Entre temps.... un plongeon, un dialogue avec des amis totalement à l’ouest, une quête de Dieu jusqu’au septentrion, le désir d’un procès équitable avec le trés haut, la surprise d’une rencontre. Chagall saisit cette histoire en deux portraits, intimistes, simples, trés épurés, deux attitudes qui traduisent tout l’itinéraire intérieur et spirituel que Job a du parcourir.
« Job désespéré »
Dans cette première litho, Chagall décrit un "Job désespéré". L’obscurité l’entoure, il apparaît là profondément préoccupé, malade et triste, et sa main soutient sa tête ; il semble désemparé. Sa bouche est ainsi cachée par sa main comme si aucun mot ne pouvait sortir et exprimer ce qui le ronge à l’intérieur, comme si aucun mot ne pouvait décrire le désespoir intérieur. La tonalité de rouge sur fond noir qui part de la tête aux vêtements jusqu’au bout de la manche dans un cercle qui se ferme, tel un noeud, voilà l’homme noué qui se recroqueville sur lui même, un cercle qui se ferme, une histoire sans issue, une mort inéluctable, le corps se fait verdâtre jusqu’au fond de l’oeil. La main, relâchée à l’extrême, n’exprime aucune force, comme flasque et sans tenue ; elle se refuse à soutenir la tête. La tête penche, le regard se plonge dans les abîmes intérieurs.
La surprise de cette litho est à trouver dans cet ange en arrière, un ange trés féminin dans ses formes, mais ange tout de même avec ses ailes. Un ange bien présent mais dont Job ne peut saisir la présence. Un ange dans une drôle de posture, telle une parade qui invite à une rencontre quasi amoureuse, un visage serein a la limite de sourire, sans que cela ne trouble Job qui reste lui emmuré, impassible, dans la déprime la plus sombre. Lui qui se demande comment Dieu peut lui infliger les malheurs qui le touchent. Celle représentation de Chagall contrairement à d’autres, montre un Job profondément meurtri, mais il atteste la présence divine avec un ange qui se trouve ici en retrait mais bien présent.

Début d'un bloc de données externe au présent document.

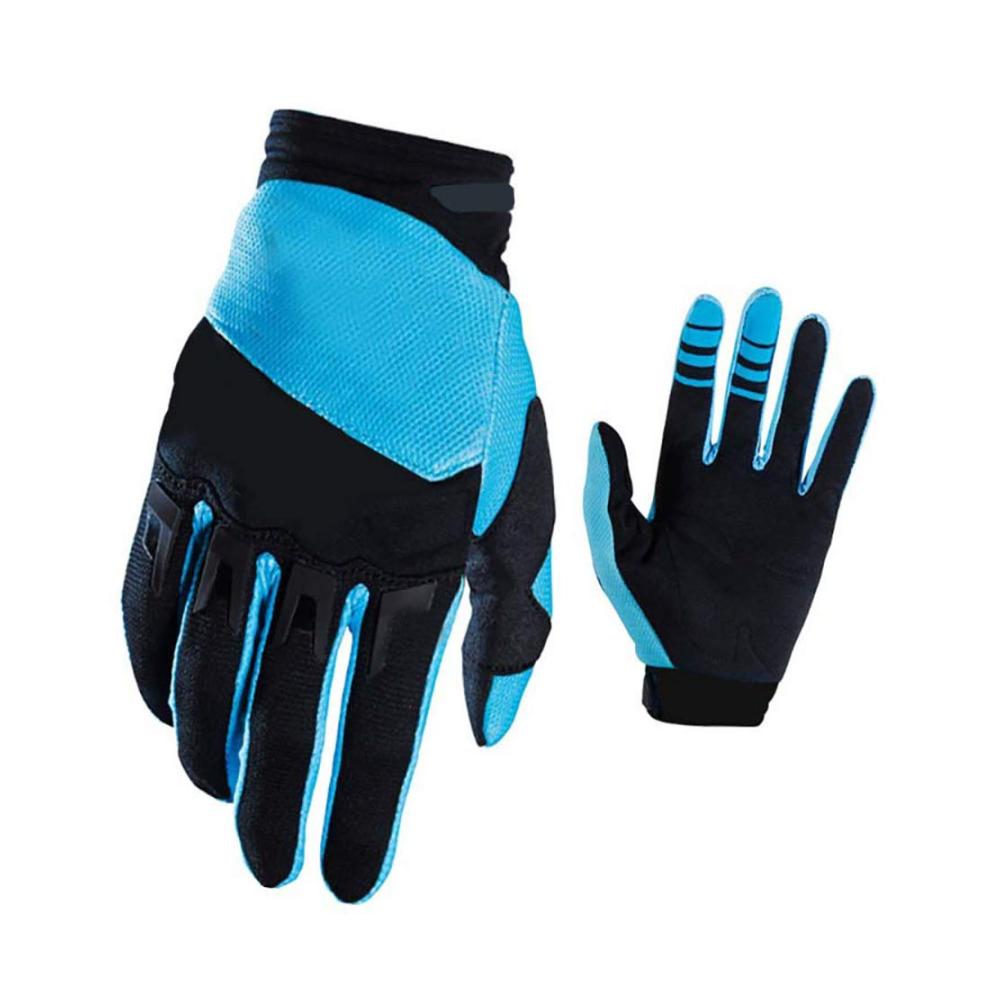Mountainbike Vollfingerhandschuhe in Blau und Schwarz für Radfahren Dirtbike & Rennsport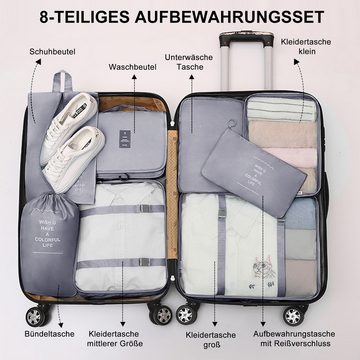 CALIYO Kofferorganizer 8-Tlg Kofferorganizer Koffer Organizer,Wasserdichte Packing Cubes (8-tlg), für Urlaub und Reisen, Packwürfel Set Reise Würfel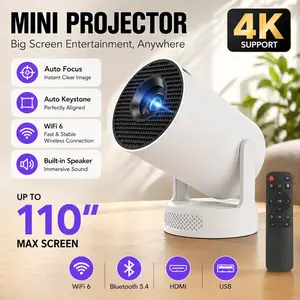 [US warehouse] Mini Projector 4K support with Dual-Band WIFI6 5G Wireless 5.4 Bluetooth Android 11, Soundbase Speaker, Manual focus, Auto Vertical Keystone 180°Rotatable Portable Proyector for Home Bedroom Outdoor #SummerVibes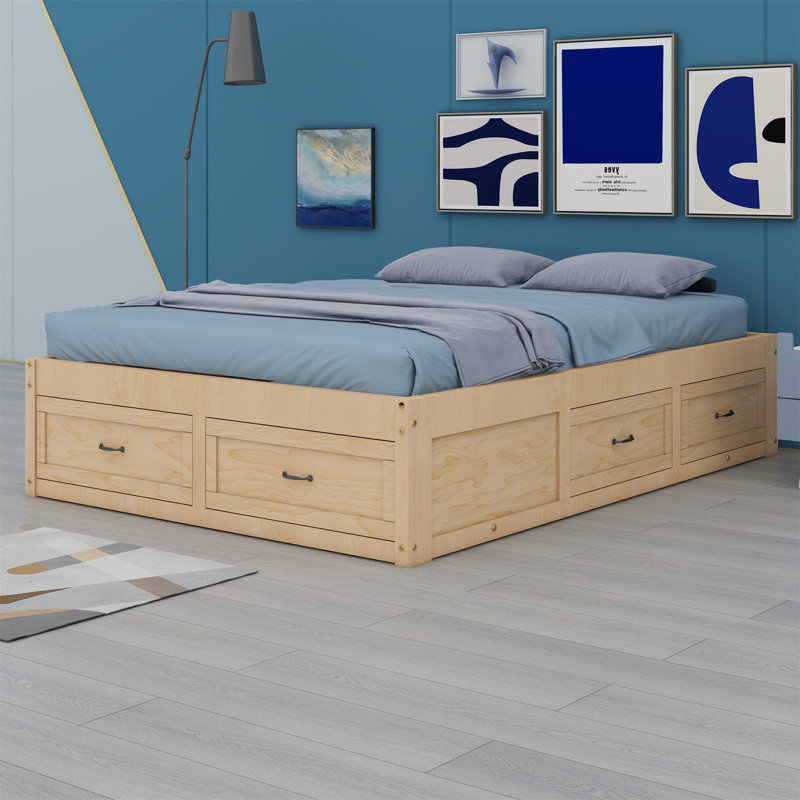 Lit plateforme avec tiroirs de rangement, Naturel antique, Double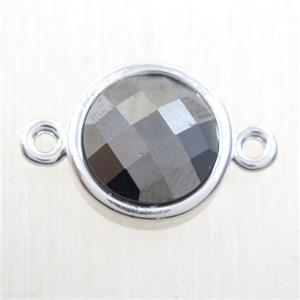 Terahertz stone circle connector, platinum plated, approx 12mm dia [GMPDA10153]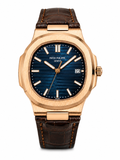 Men’s Luxury Blue Dial Watch with Brown Leather Strap – Gold Tone Case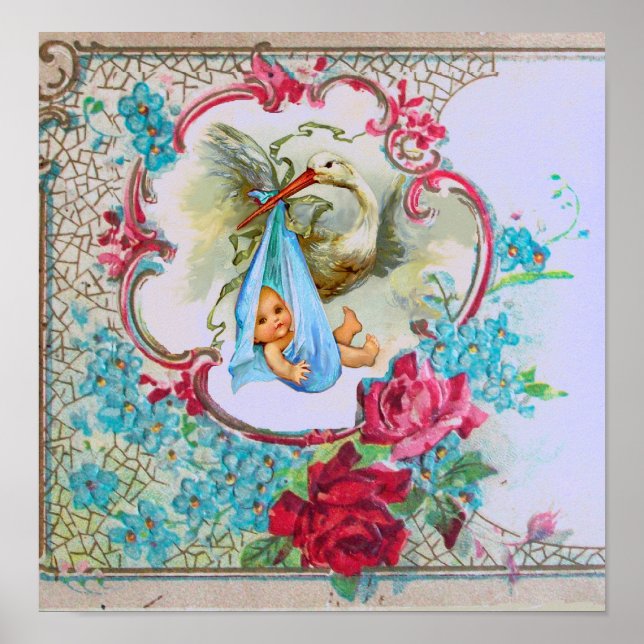 POSTER STORK BABY BOY SHOWER (Frente)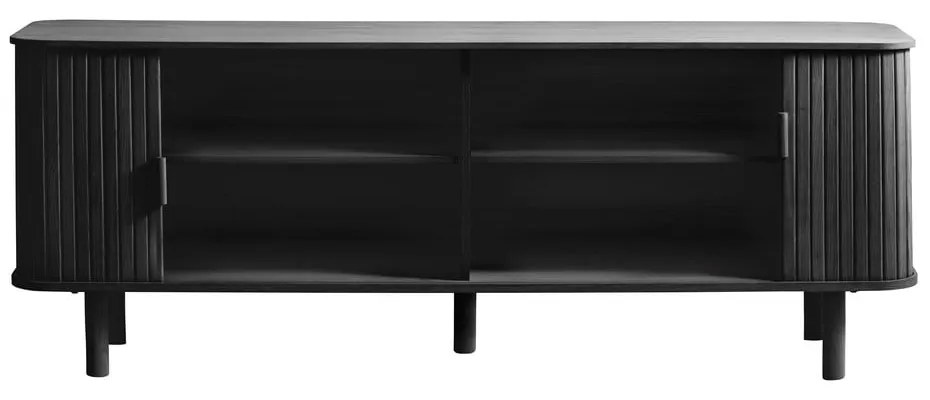 Masă TV neagră cu aspect de lemn de stejar 160x56 cm Cavo – Unique Furniture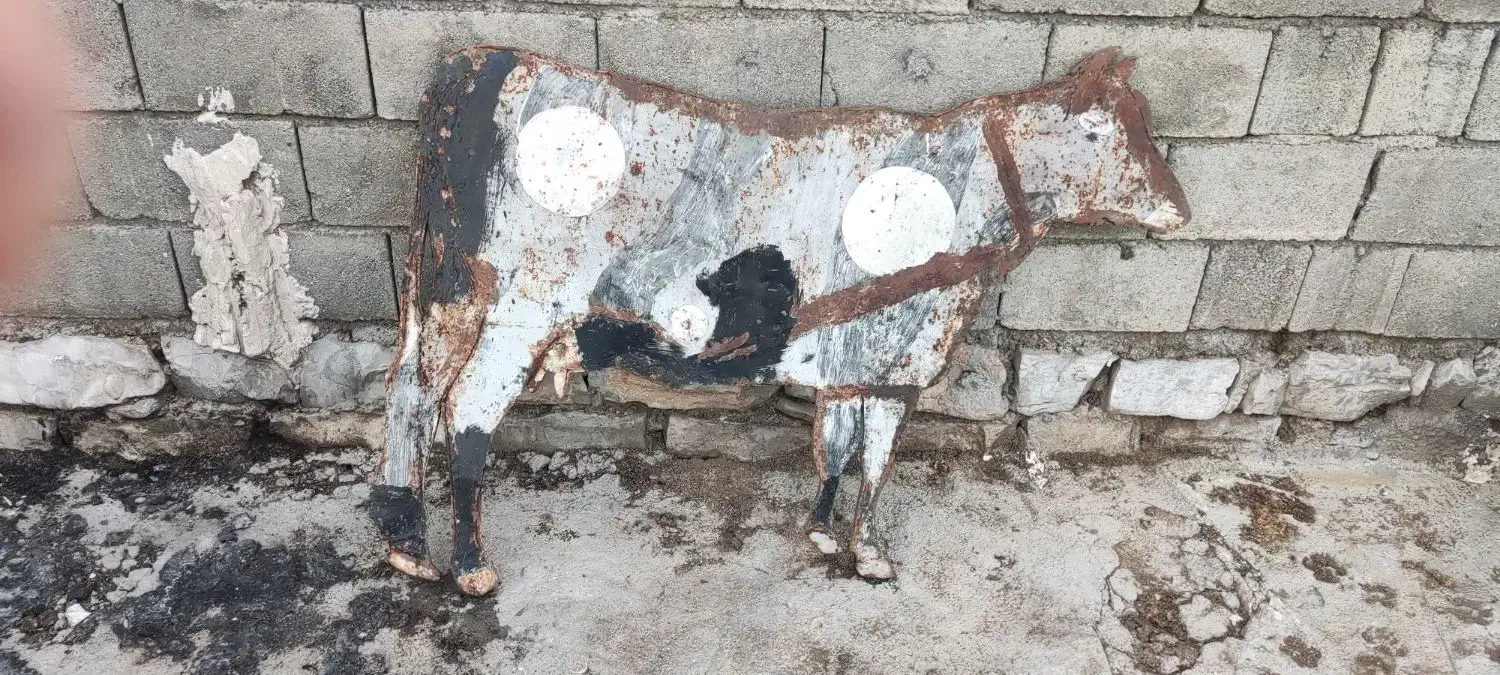 مجسمه گاو فلزی|مجسمه، تندیس، ماکت|کرمانشاه, |دیوار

Si Job se sent seul, celui qui le regarde, voit que Dieu, lui, n’est pas trés loin. Voilà sans doute un message que les compagnons de Job aurait pu lui transmettre ce qu’ils ne feront pas.
« Job en prière »
A l’opposé, dans cette seconde lithographie le visage s’éclaire et s’ouvre dans une atmosphère plus claire où la lumière verte s’est débarrassée d’un noir pesant. Le vert de l’espoir, d’une confiance retrouvée. Une aura jaune qui habite le corps va jusqu’à irradier la barbe et la main. Le voilà saisit d’un voile blanc.
Le visage est plus grand, il s’est redressé, l’œil s’écarquille avec une pointe de blanc qui rend Job plus vivant. La bouche s’ouvre comme celui qui sort d’une longue apnée pour remplir ses poumons. Elle s’ouvre aussi sans doute pour laisser passer un cri si longtemps contenu. Le visage s’étonne presque de cet ange à porté de main. La main s’est inversée, elle accompagne de manière ferme une parole adressée à l’ange, lui qui invisible qu’il était derrière lui dans la première lithographie se trouve maintenant tout proche paré d’un blanc étincelant.
Job se trouve toujours dans un fond noir, les ténèbres sont toujours là, mais elles sont habitées, l’ange apparaît tel un astre dans la nuit. Job n’est donc plus seul, l’ange se fait proche, un dialogue intime devient possible avec la certitude d’une écoute dans un face à face hors duquel plus rien ne compte.
Job prie dans la nuit. Il prie Dieu de lui accorder l’indulgence pour ses amis.